Once past the gauntlet of ground controllers motioning with their paddles, we were directed on to Wittman’s Runway 27 and quickly cleared for takeoff. The Avio AFMS warns if certain parameters are not correct and gives a green “OK” when the takeoff configuration is satisfied. Parameters include correct flap and trim settings, engines running, temperature entered in the avionics, parking brake released and door latched. I pushed the power levers in a little too quickly, and Vaupell cautioned me to start with about half power then slowly advance the levers all the way once the engines spool up. The 550 accelerated rapidly and lifted off smoothly at our rotation speed of 85 knots, and we quickly reached the 1,300-foot ceiling limit for departing VFR during AirVenture, which allows arriving traffic to slot in overhead.
We climbed to 14,500 feet for some air work–3,000 fpm at 200 kias–using the autopilot’s pitch-hold mode. During the climb, Vaupell pulled one engine back to idle, and at 11,000 feet we were able to maintain more than 1,000 fpm at 180 kias. To return to a normal climb, syncing up the power levers was just a matter of pushing the autothrottle button on the power lever, and the idled lever moved to match its mate.

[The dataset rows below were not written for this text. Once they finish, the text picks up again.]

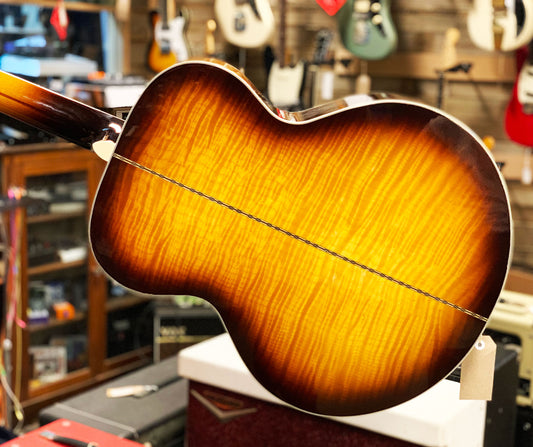 Sigma GJA-SG200 Grand Jumbo Vintage Sunburst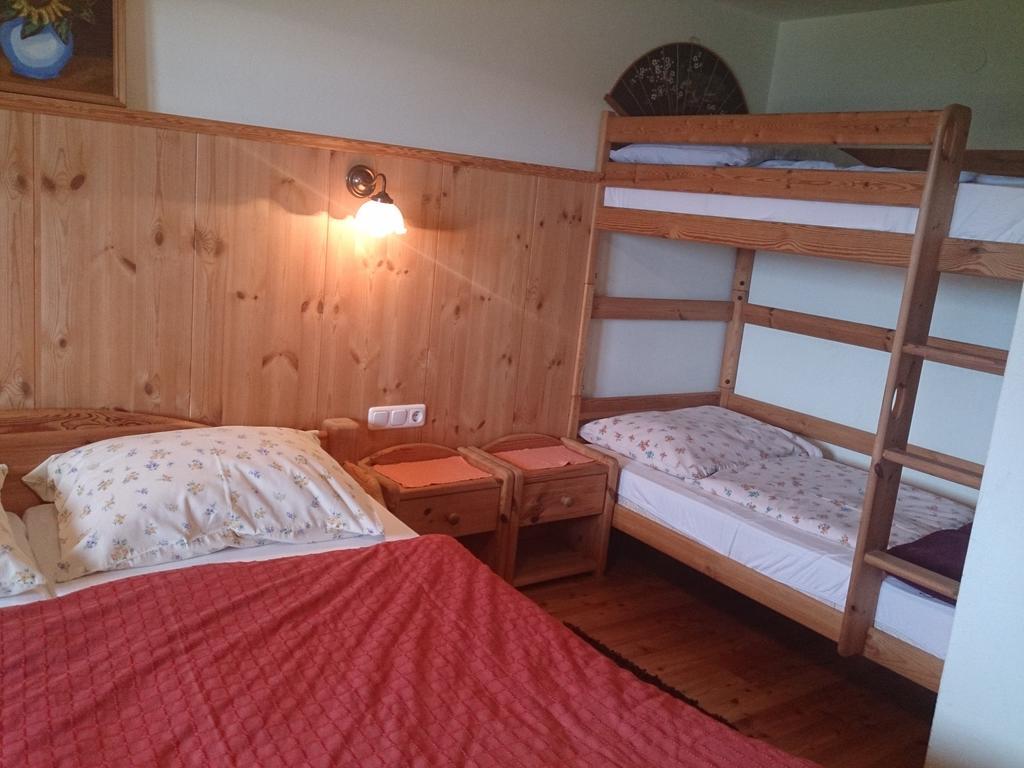Vila Gesundheitshof Lohninger Mondsee Pokoj fotografie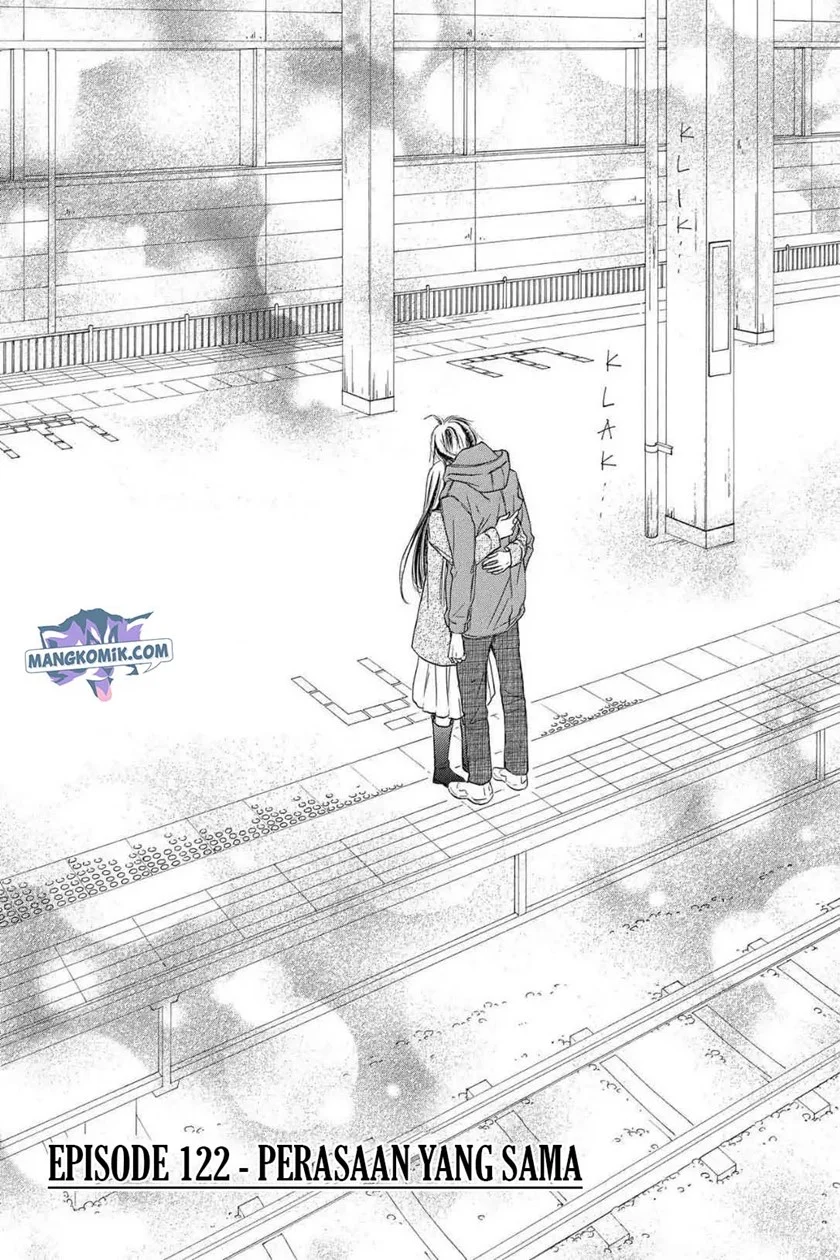 Baca  Kimi ni Todoke Chapter 122 Gambar 2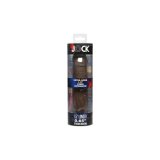 Penis cover XR Sort  4,8 cm #3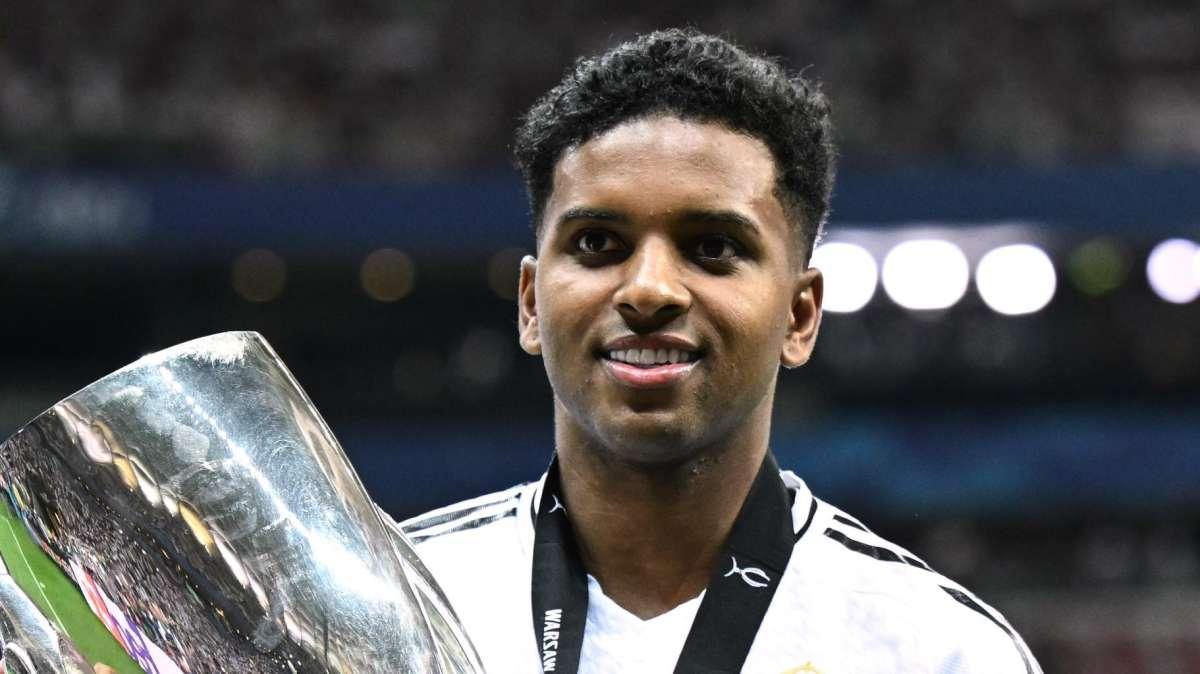 Rodrygo apunta a quedarse en el Real Madrid: ojo a la última hora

Leveling off at 14,500 feet, the autothrottles did their thing and moved aft to maintain our selected speed, which was still 200 kias. Vaupell showed me how the autopilot enters a hold, then how easy it was to dial the speed back to 130 kias and watch the autothrottles move back to 43 percent N1 to maintain that speed.
We were lucky to be assigned to land on Wittman’s long Runway 36 instead of 27 with the colored dots; typically during flights at AirVenture, demo pilots usually want to do the landing if told to land on one of 27’s dots. Our Vref was just 88 knots after flying for nine tenths of an hour and burning 440 pounds of fuel. The landing was completely normal, but as soon as the nose dropped onto the runway, Vaupell told me to stand on the brakes so I could feel the anti-skid system working. I pushed on the brakes as hard as I could and immediately could feel them “popping” as the 550 abruptly but smoothly came to a stop.

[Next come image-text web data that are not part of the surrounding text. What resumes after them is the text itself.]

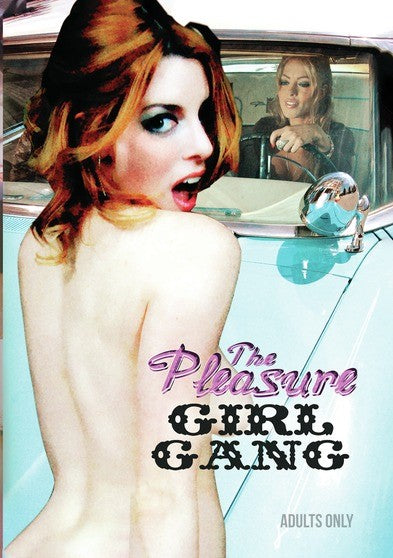 The Pleasure Girl Gang (MOD) (DVD Movie) - movie cover art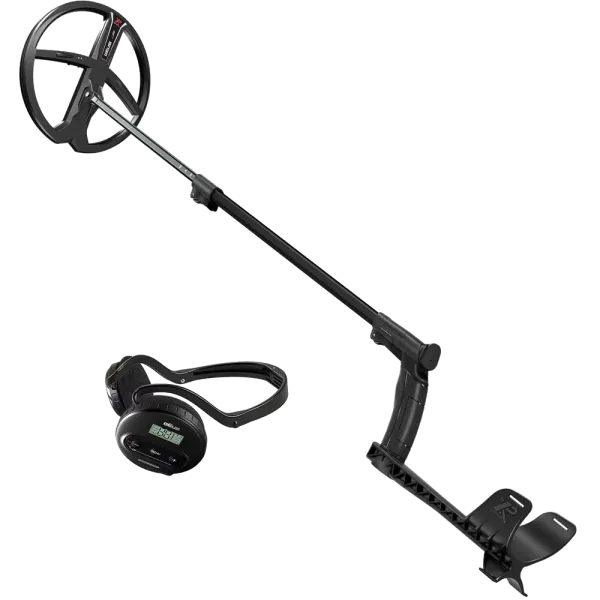 XP Deus 28 x35 WS4 Металодетектор з навушниками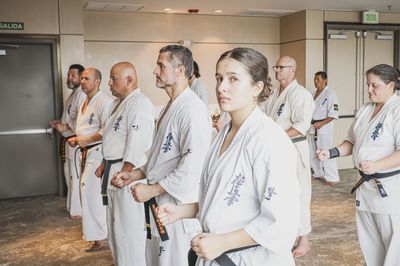 Seminario Kancho Matsui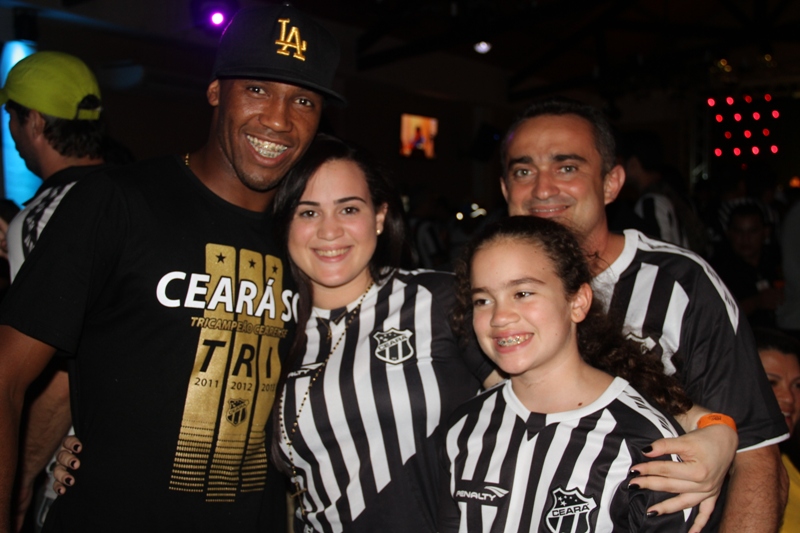 [19-05] Ceará 1 x 1 Guarany (S) - COMEMORAÇÃO 03 - 6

Flying with the sidestick immediately felt completely natural, and the Eclipse jet is one of those airplanes that wraps itself around the pilot and makes the pilot feel at one with the airplane. But when I hand-flew the 550, I was a little surprised to find that the handling was not as light as I expected. The 550 has always looked like a sporty jet, and it is, but the flight controls are definitely not sporty-feeling and could even be described as somewhat heavy although certainly harmonious. Such handling characteristics aren’t bad, however, and probably have a lot to do with the Eclipse models’ stellar safety record. This is, after all, an airplane targeting owner-pilots who are moving up from much less sophisticated airplanes.
While it isn’t designed to carry large loads over long distances, the 550 is capable transportation for the typical business aviation flight of fewer than two people. Eclipse Aerospace’s excellent QRA iPad app makes weight-and-balance and performance calculations simple and is also a great way to get to know the airplane’s capabilities. With three 180-pound people on board, for example, the 550 can carry a full load of fuel and 60 pounds of luggage. At this weight and fuel load, the 550 could fly 1,000 nm at long-range cruise of 317 ktas at 37,000 feet, with one hour of fuel remaining at the destination. Block fuel burn would average a tad more than 400 pph for both engines. Time to climb to 37,000 feet is about 21 minutes in ISA conditions, and this is an efficient altitude for the 550, although it can fly at up to 41,000 feet. At high-speed cruise (360 ktas), fuel burn at 37,000 feet is 425 pph and at long-range cruise it drops to 342 pph.
Make no mistake, the Eclipse 550 is not a toy; it is every bit as sophisticated as many larger jets, and pilots need to make sure they’re properly trained and current. The IS&S Avio 2.7 flight deck is as complex and capable as any of those in the newer Part 25 jets, if not more so.